Passion selon Saint Marc 14, 1 – 15,47

 

« Mise à nu »

       

      Chaque récit de la passion présente ses notes propres. Marc nous livre un détail autobiographique au moment de l’arrestation de Jésus : «L’abandonnant, ils prirent tous la fuite. Un jeune homme le suivait, n’ayant pour tout vêtement qu’un drap, et on le saisit ; mais lui, lâchant le drap, s’enfuit tout nu. » (Mc 14, 51s)

      Le prophète Amos déjà, annonçant le jour terrifiant du jugement d’Israël et des nations, disait : « Le plus courageux d’entre les braves s’enfuira nu, en ce jour-là, oracle du Seigneur. » (Am 2, 16) Par de-là le dépouillement physique, comprenons que la Passion met l’homme à nu, qu’elle dévoile le secret des cœurs, le fond inconsistant de l’homme.

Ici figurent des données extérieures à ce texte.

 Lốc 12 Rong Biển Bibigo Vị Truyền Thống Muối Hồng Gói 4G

Jésus, lui aussi, sera mis à nu, pour être crucifié, dévoilant le fond de l’être de Dieu, l’amour absolu, la donation totale de lui-même et l’accueil inconditionnel du pécheur : « Père, pardonne-leur : ils ne savent ce qu’ils font. » (Lc 23, 34) Le jour terrible du jugement de Dieu sur la nudité de l’homme pécheur a consisté en la mise à nu de Sa miséricorde.

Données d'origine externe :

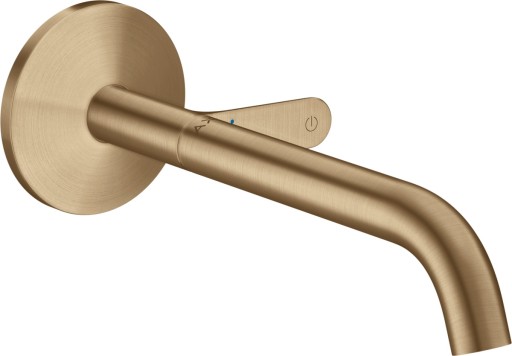 Baterie lavoar Axor ONE Select cu pipa 220mm  montaj incastrat  necesita corp ingropat  bronz periat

      Plus profondément encore, notre nudité est figure du dépouillement de la mort : « Nu, je suis sorti du sein maternel, nu, j’y retournerai. » (Job 1, 21) Dans la Genèse, cette nudité ne posait aucun problème à l’homme en communion avec Dieu, dont il est l’image et la ressemblance. « Tous deux étaient nus, l’homme et sa femme, et ils n’avaient pas honte l’un devant l’autre. » (Gn 2, 25) Mais lorsqu’ils se coupent de la source de leur vie, « leurs yeux à tous deux s’ouvrirent et ils connurent qu’ils étaient nus ; il cousirent des feuilles de figuier et se firent des pagnes. » (Gn 3, 7) Par le péché, l’homme a tué Dieu dans son cœur et expulsé Dieu de sa création. Il connaît désormais une mort intérieure terrifiante, le vide, l’inconsistance de son être. C’est cette expérience de non-être qui rend la mort physique mortelle. Alors que dans la création tout passe continuellement de la mort à la vie, pour l’homme seul, la mort physique semble la fin de tout, une fin inacceptable.

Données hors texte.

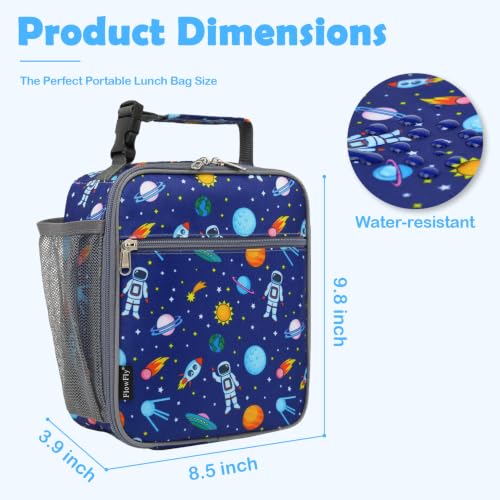 FlowFly Kids Lunch box Insulated Soft Bag Mini Cooler Back to School Thermal Meal Tote Kit for Girls, Boys, Astronaut - color: Astronaut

      Dans la passion, la nudité de notre être est mise au jour. Dans la résurrection du Seigneur, c’est notre chair, « pagne de feuilles de figuier », « tunique de peau » (Gn 3, 7 ; 3, 21), assumée dans sa nudité par le Christ qui est vivifiée par l’Esprit. Dans la Pentecôte, ce même Esprit vivifiant est répandu en nos cœurs, afin que nous vivions en ressuscités. Par cette Semaine Sainte, entrons dans le mystère de notre Pâque.